4. With respect to the Debt Securities to be issued under the Indentures, when (i) the Board of Directors of the Company (or a committee thereof) has taken all necessary corporate action to approve the issuance and terms of any such Debt Securities; (ii) the terms of such Debt Securities and of their issuance and sale have been duly established in conformity with the applicable Indenture and any applicable supplemental Indenture so as not to violate any applicable law or result in a default under or breach of any agreement or instrument binding upon the Company and so as to comply with any requirements or restrictions imposed by any court or governmental body having jurisdiction over the Company; and (iii) such Debt Securities have been duly executed and authenticated in accordance with the applicable Indenture and any applicable supplemental Indenture and issued and sold as contemplated in the Registration Statement and upon payment of the consideration for such Debt Securities as provided for in the applicable definitive purchase, underwriting or similar agreement, such Debt Securities will be legally issued and such Debt Securities will constitute valid and legally binding obligations of the Company, respectively, enforceable against the Company in accordance with their terms.

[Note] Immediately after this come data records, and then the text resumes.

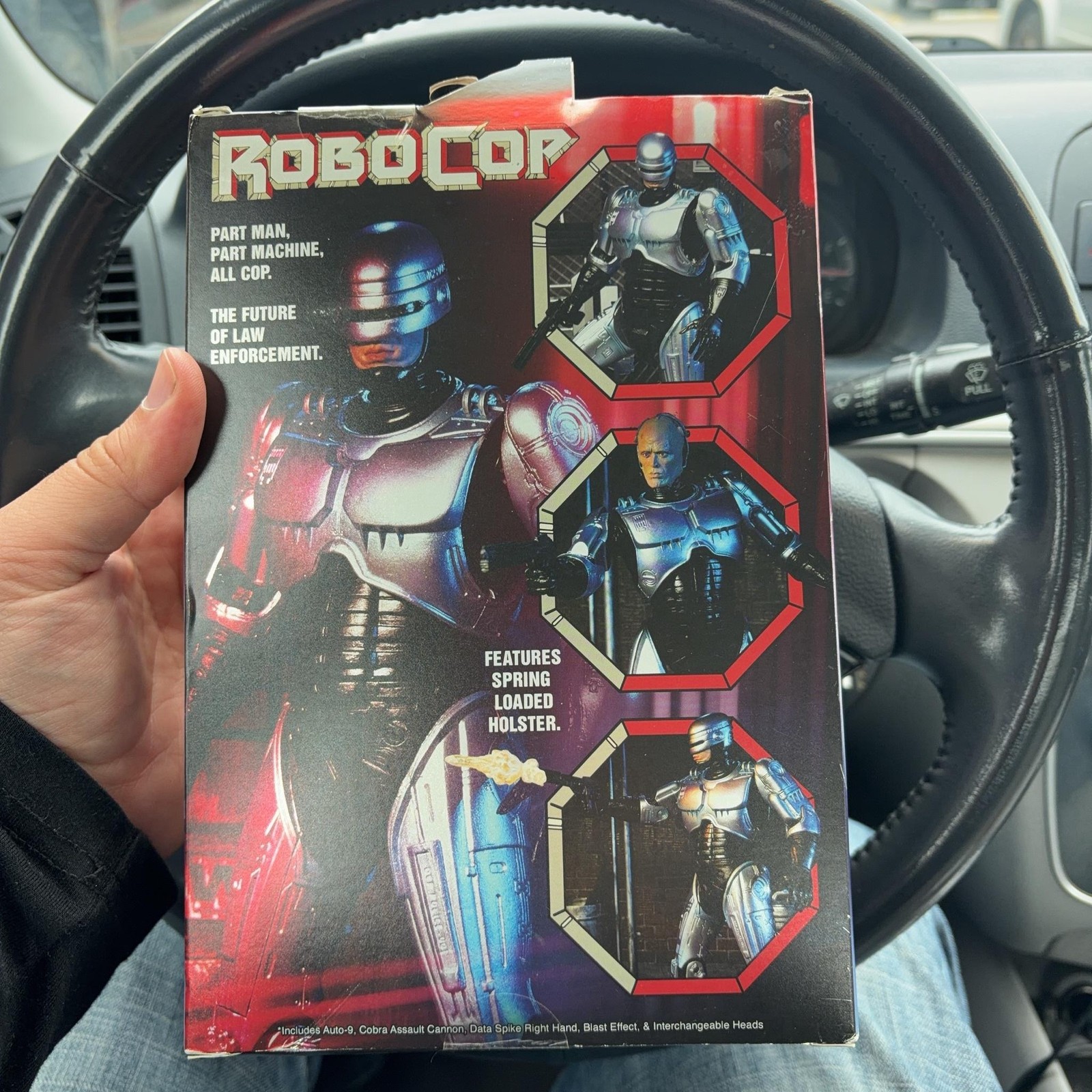 NECA Ultimate RoboCop 7in Silver Action Figure 1:10 Scale Boxed Accessories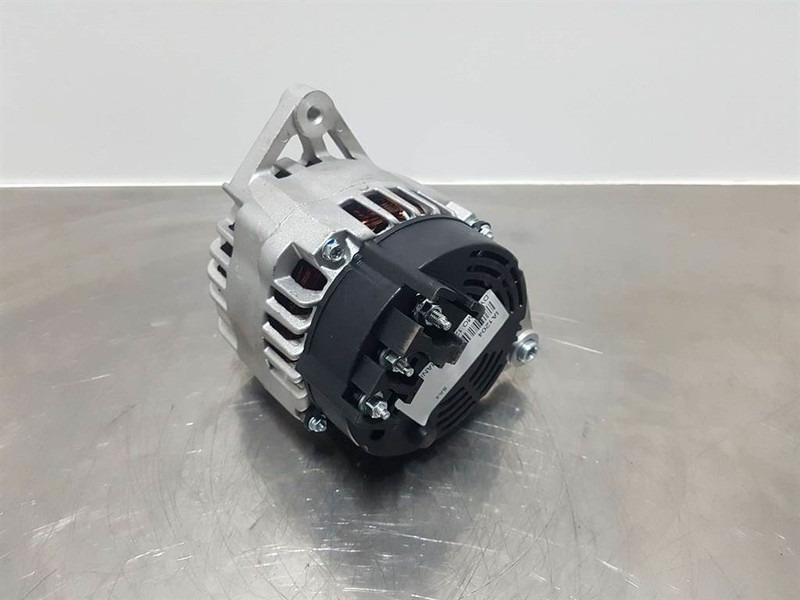 Manitou 12V 80A - Alternator/Lichtmaschine/Dynamo - Moteur pour Engins de chantier: photos 4 Manitou 12V 80A - Alternator/Lichtmaschine/Dynamo - Moteur pour Engins de chantier: photos 4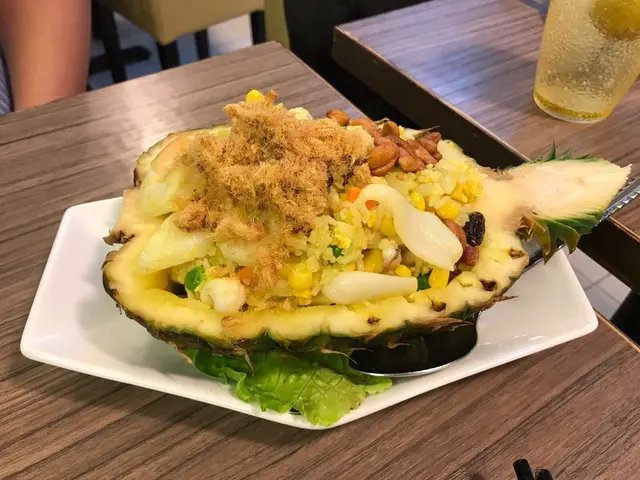 原隻菠蘿海鮮炒飯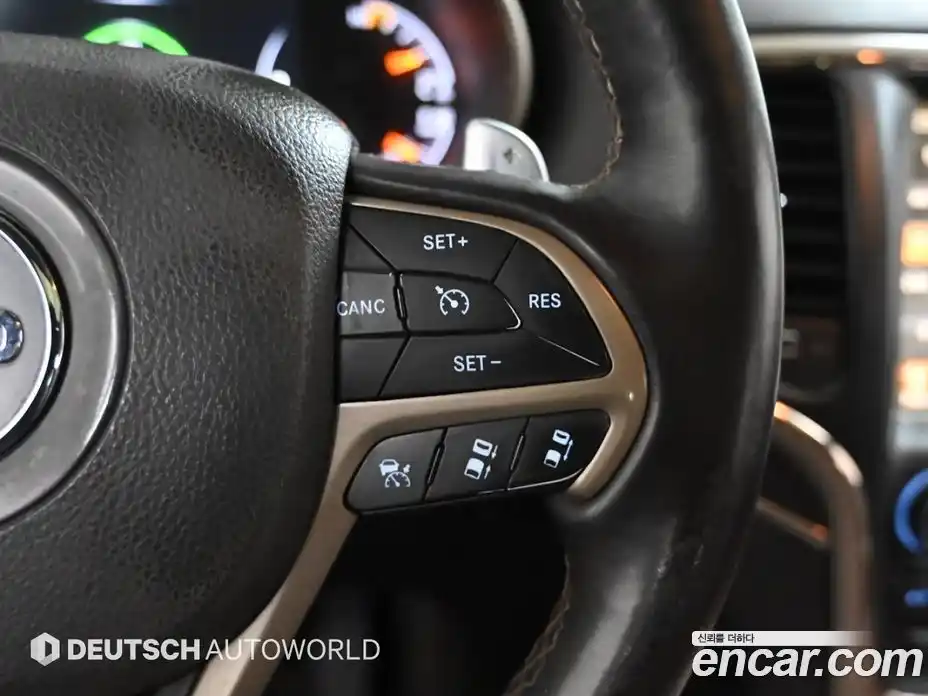 Jeep Cherokee 2015 3.0 Автомат в Москве № 170106, фото 17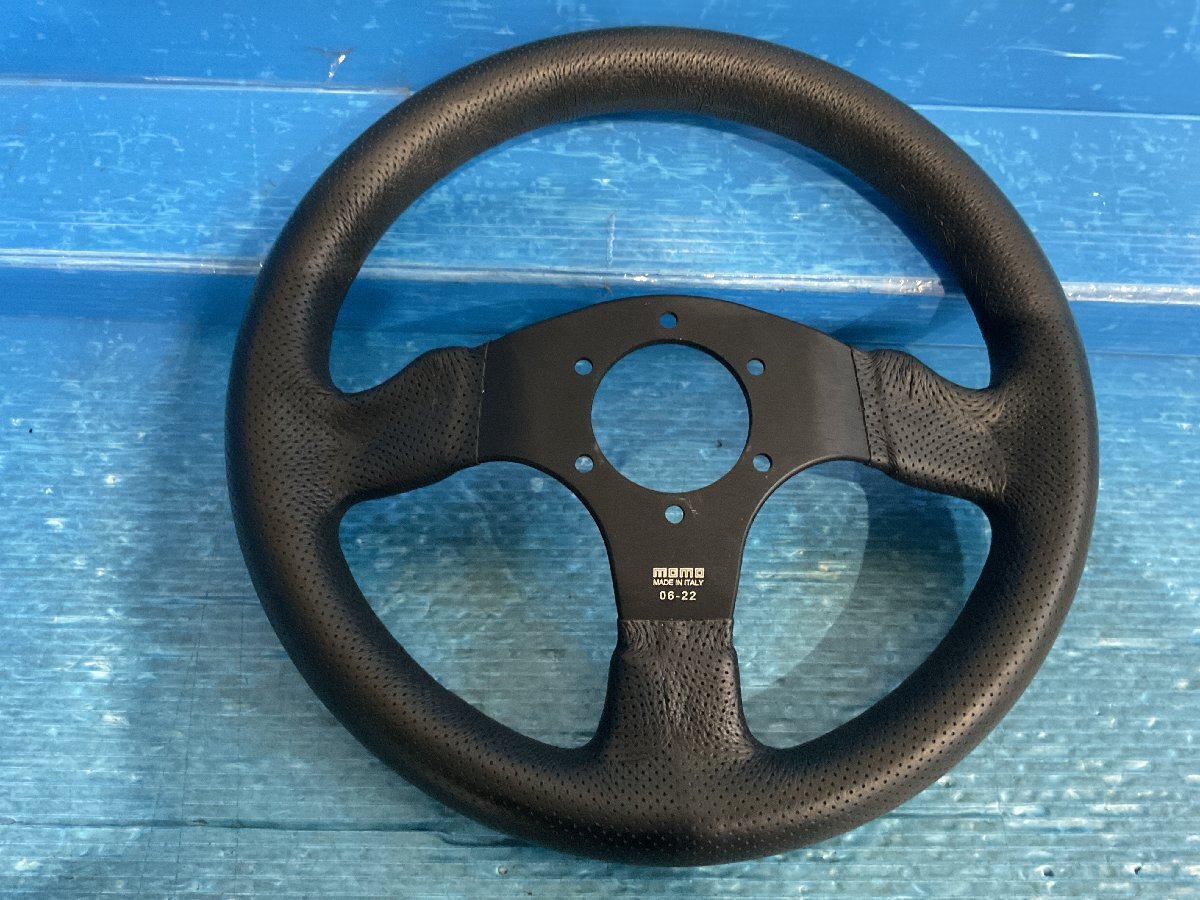 ⑥ MOMO ハンドル ステアリング 黒 レザー革 （A5-201 125663）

In rendering the opinion in paragraph 4, we have assumed that the trustee is or, at the time the applicable Indenture is signed, will be qualified to act as trustee under the applicable Indenture and the Trust Indenture Act of 1939, as amended, and that the trustee has or will have duly executed and delivered the applicable Indenture.

The enforceability of the Securities and provisions thereof may be limited by bankruptcy, insolvency, reorganization, fraudulent transfer, moratorium or other similar laws now or hereinafter in effect relating to or affecting enforcement of creditors rights generally and by general principles of equity (regardless of whether such enforcement is considered in a proceeding in equity or at law).

We express no opinions concerning (i) the validity or enforceability of any provisions contained in the Indentures that purport to waive or not give effect to rights to notices, defenses, subrogation or other rights or benefits that cannot be effectively waived under applicable law; or (ii) the enforceability of indemnification provisions to the extent they purport to relate to liabilities resulting from or based upon negligence or any violation of federal or state securities or blue sky laws.

The foregoing opinions are limited to the laws of the State of Nevada and the federal laws of the United States of America and we are expressing no opinion as to the effect of the laws of any other jurisdiction, domestic or foreign.

We hereby consent to the filing of this opinion as an exhibit to the Registration Statement and to the use of our name in the prospectus forming a part of the Registration Statement under the caption “Legal Matters.” In giving this consent, we do not admit that we are within the category of persons whose consent is required under Section 7 of the Securities Act and the rules and regulations thereunder.